Rue Dr Martelly et Grand-Rue. Le parfum et les tissus dominent la zone. Mais quel environnement pour ces produits ! Il y a un immeuble fermé à côté de Fouad A. Mourra. Une ruine particulière envahie de plantes grimpantes caractérise ce qui a été autrefois un magasin achalandé. A la parfumerie de Nassim Mourra, les clients manquent. Une bonne fragrance à l'intérieur fait la différence d'avec les lourds relents de l'avenue. « Nous attendons des clients qui ne viennent pas », dit un employé.
Rue des Fronts Forts et Grand-Rue. On remarque le stoïque et élégant marché en fer dont la structure architecturale s'impose encore aux citadins, malgré la houille. L'horloge s'est arrêtée à 5 heures. On ne sait depuis quelle année. Le marché a été construit en 1889 sous le gouvernement de Florvil Hyppolyte.
Rue Traversière-Grand-Rue. Les étalages reprennent avec plus d'ampleur. Des bouchons s'y forment. Il n'y a plus de signaux lumineux. Pas d'agents de police pour assurer une circulation facile aux automobilistes.
Rue des Césars-Grand-Rue. Assises près d'une immense pile d'immondices, des marchandes se plaignent. « Nous sommes laissées à la merci du fatras parce que nous n'avons rien. Ni argent, ni famille.» L'eau sale s'étale près de leur « laye ». Elles comptent amasser quelques gourdes avant de rentrer chez elles, par les corridors boueux des bidonvilles.
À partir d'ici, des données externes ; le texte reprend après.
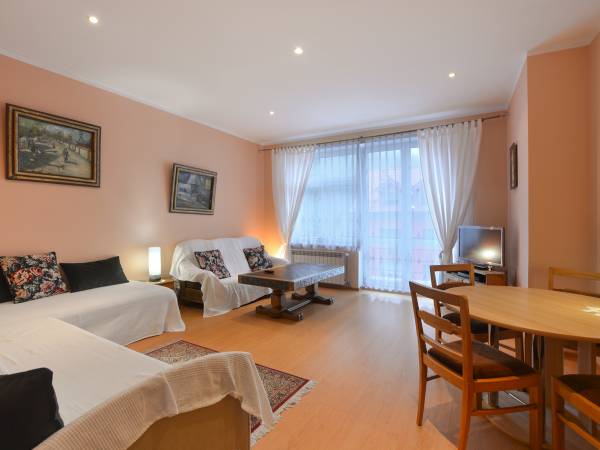 Apartament w sercu Krynicy Apartament w sercu Krynicy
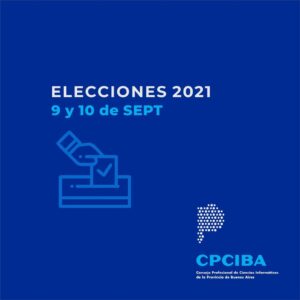 SE REALIZARÁN LAS ELECCIONES DE CPCIBA LOS DÍAS 9 Y 10 DE SEPTIEMBRE POR VOTO ELECTRÓNICO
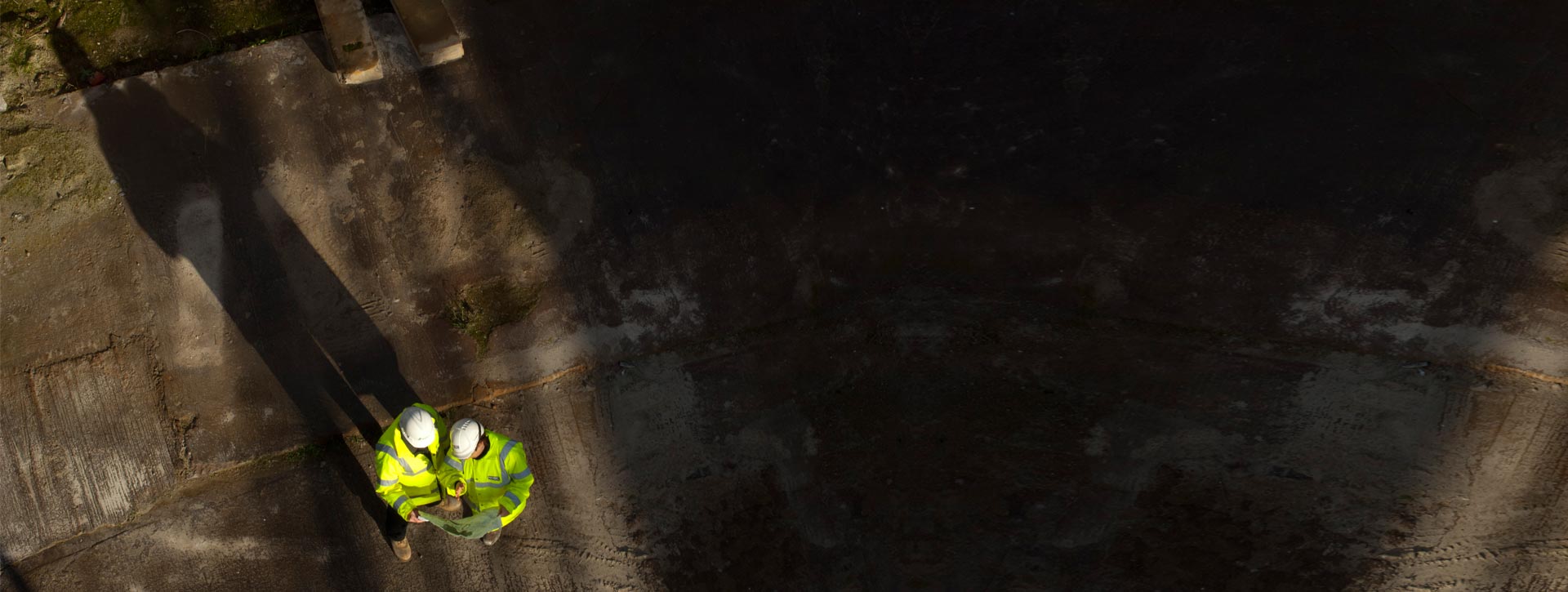 digital image of we create amazing imagery aerial image of surveyors corporate photographer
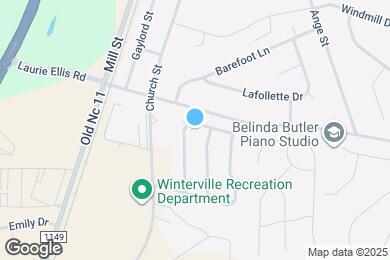 Map image of the property - 2943 Kinsey Loop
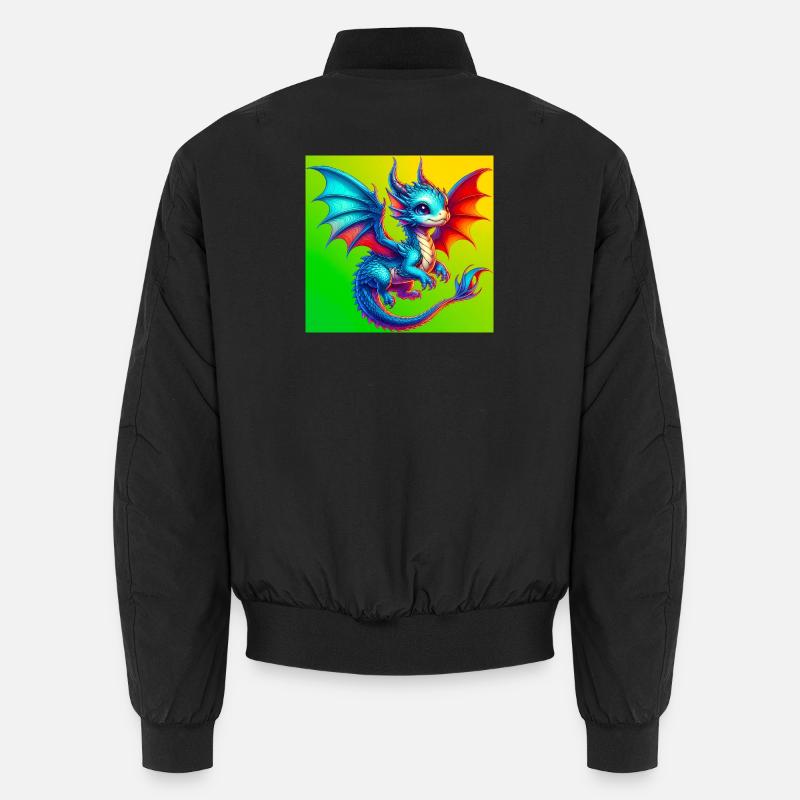 Drache Unisex Bomberjacke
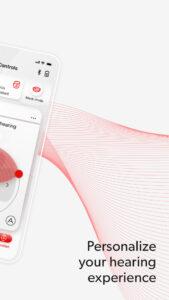 Signia App screenshot 2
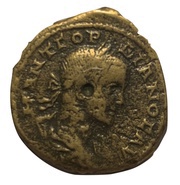 Pentassarion - Gordianus III VΠ MHNOΦIΛOV MAPKIANOΠOΛITΩN; Marcianopolis obverse image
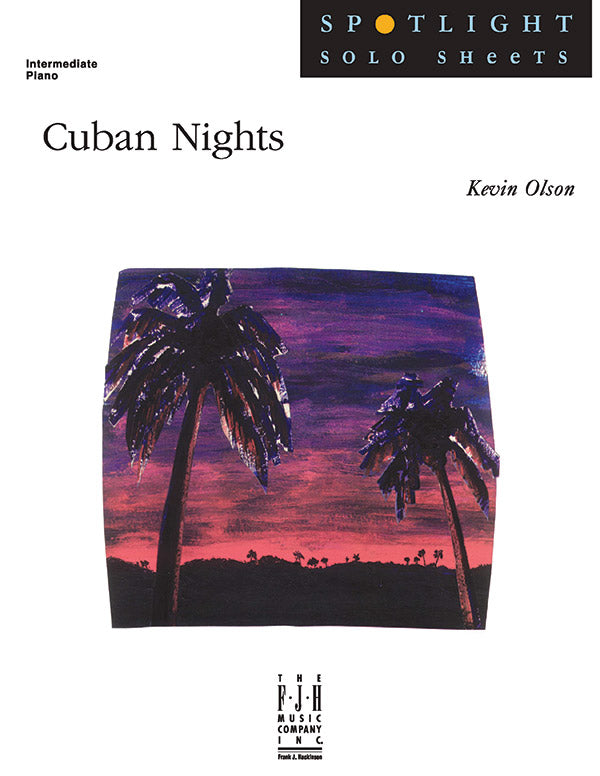 Cuban Nights Sheet Music Preview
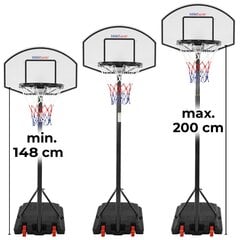 Basketbola grozs ar statīvu, 2.36m цена и информация | Баскетбольные щиты | 220.lv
Rue Courbe. Des immeubles ne dépassant pas deux étages. Boue, immondices et autres insalubrités rendent très inconfortable la circulation piétonne. Il en est de même du côté de la rue Tiremasse.FILS DE CETTE TERRE
La rue des Remparts se signale par le Marché Tête Boeuf, incendié le 3 mai 2005, à midi. A l'intérieur de l'espace, c'est le grand désarroi physique. Il n'y a que restes de murs noircis et de tréteaux en béton cassé. « L'Etat n'a rien fait pour nous, se plaint un vendeur qui n'a le choix que celui de revenir au Marché pour « espérer soutenir la famille, les enfants».
« Parce que nous sommes le commerce informel, nous ne recevons que le mépris», dit avec un air de colère St-Juste Phanès. Il vitupère contre des responsables qui « ne reconnaissent pas notre existence, qui ne prennent pas en considération nos manifestations, qui font fi de nos sit-in et qui méprisent nos conférences de presse».
Jules Sylvestre, ex-vendeur de planches, montre avec désespoir l'endroit incendié de son commerce : « C'est comme si nous ne sommes pas fils de cette terre. »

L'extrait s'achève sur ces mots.